Pubblicato su Repubblica Genova
di Matteo Macor
Parla di “ricongiungimento familiare”, Arturo Scotto, nei giorni in cui a sinistra si celebra il ritorno in casa dem di militanti, elettori, dirigenti di Articolo Uno. In attesa dell’assemblea del mese prossimo in cui il fronte della scissione del 2017 deciderà la strada da prendere, quando e come trasformare il partito in associazione e contribuire alla ricostruzione del campo con una nuova forma, il coordinatore nazionale di Articolo Uno domenica scorsa era seduto tra i mille dell’assemblea del Pd di Roma che ha nominato segretaria Elly Schlein, di nuovo a presenziare (e intervenire) a un evento del proprio vecchio, nuovo partito. E oggi prova a tracciare la rotta possibile portando l’esempio di Genova, “dove in questi anni – si fa notare – il messaggio che ci è arrivato deve guidare anche i passi futuri: iniziando a lavorare insieme sui territori, con idee chiare, si può costruire un centrosinistra largo capace di vincere”.
Rivederla su un palco del Pd però fa un po’ effetto, lo sa vero?
Ci siamo ritrovati con alcuni compagni con cui abbiamo condiviso la militanza nella sinistra giovanile, mi hanno chiesto cosa avessimo fatto in questi anni, ho risposto loro che “non siamo andati a letto presto”. Sono stati anni in cui, da Articolo Uno, abbiamo provato a seminare e dare un tetto ai tanti che si son sentiti esclusi dal Pd.
E ora tornano a casa. Quanti convinti, quanti meno?

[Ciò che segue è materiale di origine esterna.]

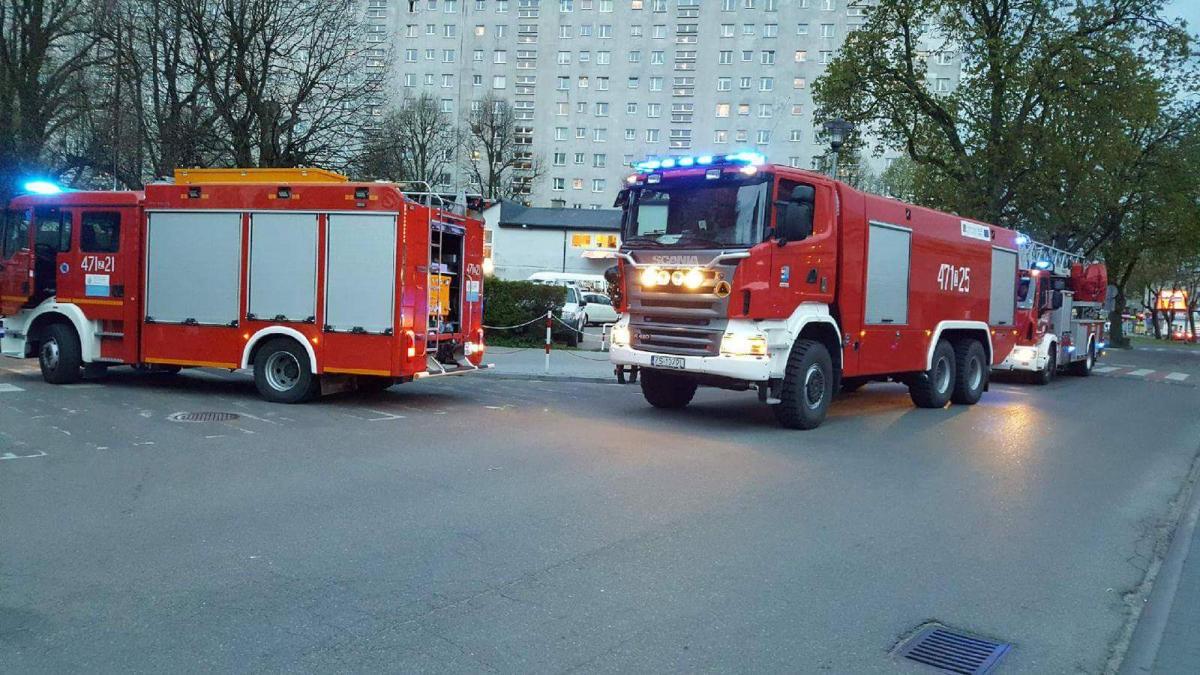 Straż pożarna pojechała do grilla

Più che altro tutti consapevoli che quello che c’è non basta. Bisogna lavorare subito per un processo costituente di una sinistra nuova.
Al netto dell’entusiasmo di queste ore, soprattutto nel Pd, come fanno a convivere nello stesso partito gli ex Articolo Uno e quelli che si dicono spaventati dalle immagini di Gramsci nei circoli?
Io mi sono formato in un partito in cui Gramsci e Gobetti camminavano insieme. Se allude a Marcucci, gli ricorderò che Gobetti è stato per anni critico letterario su Ordine Nuovo, il quotidiano dei comunisti torinesi, diretto da Gramsci. Non possono esistere pensieri di questo genere.
Però è vero che nel Pd c’è una componente anche ampia che la pensa come il Pd da cui siete scappati, sei anni fa.
Prenda l’esempio della Liguria. A Genova in particolare, in qualche modo, si è anticipato il processo che si sta mettendo in moto. Negli ultimi anni, al netto delle sconfitte elettorali, nel contesto locale abbiamo costruito un centrosinistra largo insieme a sinistre, M5S, soprattutto un Pd disponibile a dialogare sulla base dello stesso impianto di valori. È questa alleanza larga che serve per ripartire.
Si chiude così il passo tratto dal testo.